→ **Task to complete**
Only the lines from the one with "Clostridium difficile gluD" through the last line of the records below belong in your answer, reproduced exactly and with the pictures left out.

→ **Dataset records**
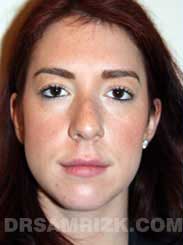 picture female patient before rhinoplasty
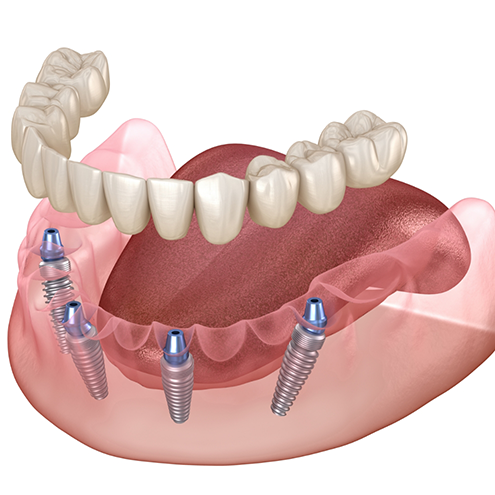 Illustrated All on X denture being placed onto four dental implants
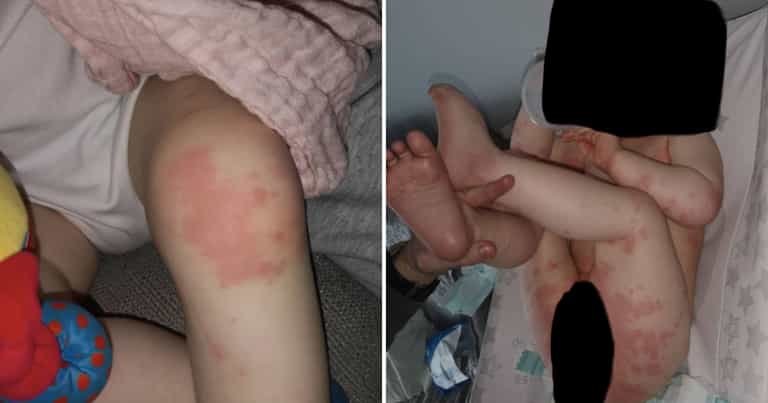 Cork mam warns parents after 1-year-old son is hospitalised with Covid-related rash Cork mam warns parents after 1-year-old son is hospitalised with Covid-related rash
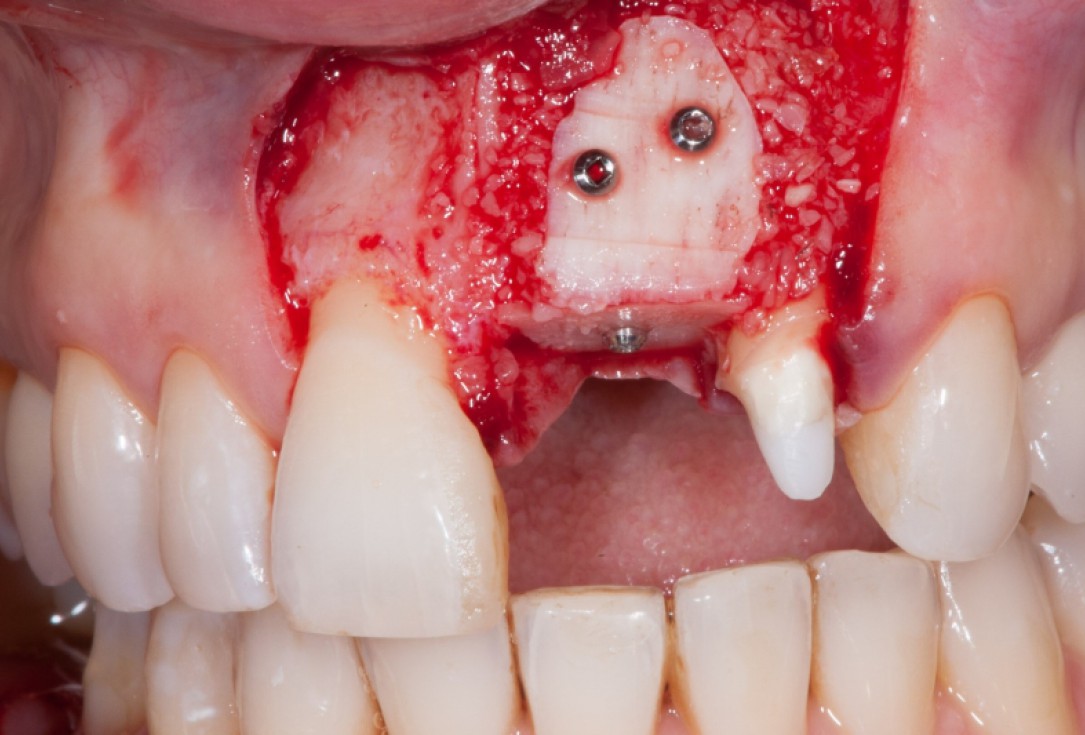 Augmentation with maxgraft® cortico - Dr. K. Chmielewski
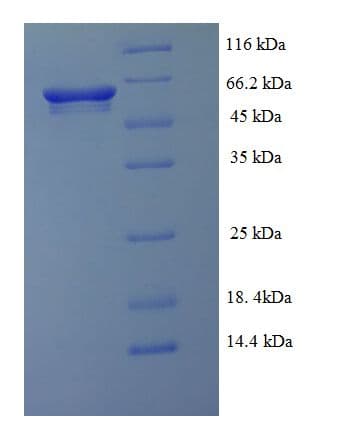 Clostridium difficile gluD Protein (Recombinant His-SUMO)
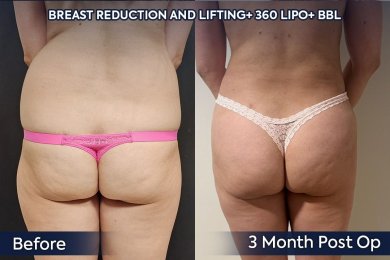 before-after photo mommy-makeover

→ **Solution to this exercise**
 Clostridium difficile gluD Protein (Recombinant His-SUMO)
 before-after photo mommy-makeover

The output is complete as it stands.